In 1986, the party was led by national-radical Jörg Haider. His parents were members of an illegal Nazi organization since the 1930's, and during the Anschluss moved to the NSDAP. Haider never renounced his Nazi roots, considered himself a German and denied the independent existence of the Austrian nation. Under Heider the main principles were the policy against immigrants and the opposition to European integration – two stable topics of the far Right in Europe and the U.S. Haider demanded the liberation of the Austrian nation from collective guilt for Nazi crimes, which cemented his reputation as a "Nazi lawyer." As governor of the Carinthian region, Haider opposed the linguistic rights of the Slovenian minority, including segregation in schools.
In the parliamentary elections in October 1999, the FPȪ unexpectedly gained 27% of the vote, taking second place. The high result was ensured by populist promises of combating unemployment and social reforms, along with accusations against opponents of "indifferent and unjust treatment of the Austrians". Such outcome shocked Europe, and Austria was declared an all-European boycott; Israel withdrew its ambassador from Vienna. Three months after the election Haider officially retired from the post of FPȪ leader to neutralize criticism of the party, but informally remained its leader.

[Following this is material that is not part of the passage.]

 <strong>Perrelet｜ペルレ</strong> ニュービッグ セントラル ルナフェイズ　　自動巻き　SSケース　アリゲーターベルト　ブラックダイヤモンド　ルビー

In the 2002 parliamentary elections, the result for the FPÖ fell almost threefold, to 10%. Since 2005, the party has been led by a student and follower of Haider, Heinz-Christian Strache, who in his youth in 1969 was a member of the ultra-Right "Vandalia" fraternity. The introduction of the FPȪ program is titled "Austria is above all!", an echo to the traditional German “Deutschland über alles” adopted by the Third Reich.
In June 2015 the FPÖ joined the "Europe of Nations and Freedoms" faction in the European Parliament, which united ultra-Right parties with Le Pen’s National Front.
In the presidential election in May 2016, FPÖ candidate Norbert Hofer received 49.7% of the vote in the second round of voting and lost only 0.6% to independent candidate Alexander van der Bellen (50.4%). The FPÖ appealed the election results, and in a new vote in December Hofer collected 46.2%, while van der Bellen increased his to 53.8%.
In October 2017, in early parliamentary elections, the FPÖ received 26% of the vote, taking the third place, and joined the coalition with the Conservative People's Party: Strache received the post of Vice Chancellor and Minister of Sports in the office of Chancellor Sebastian Kurz.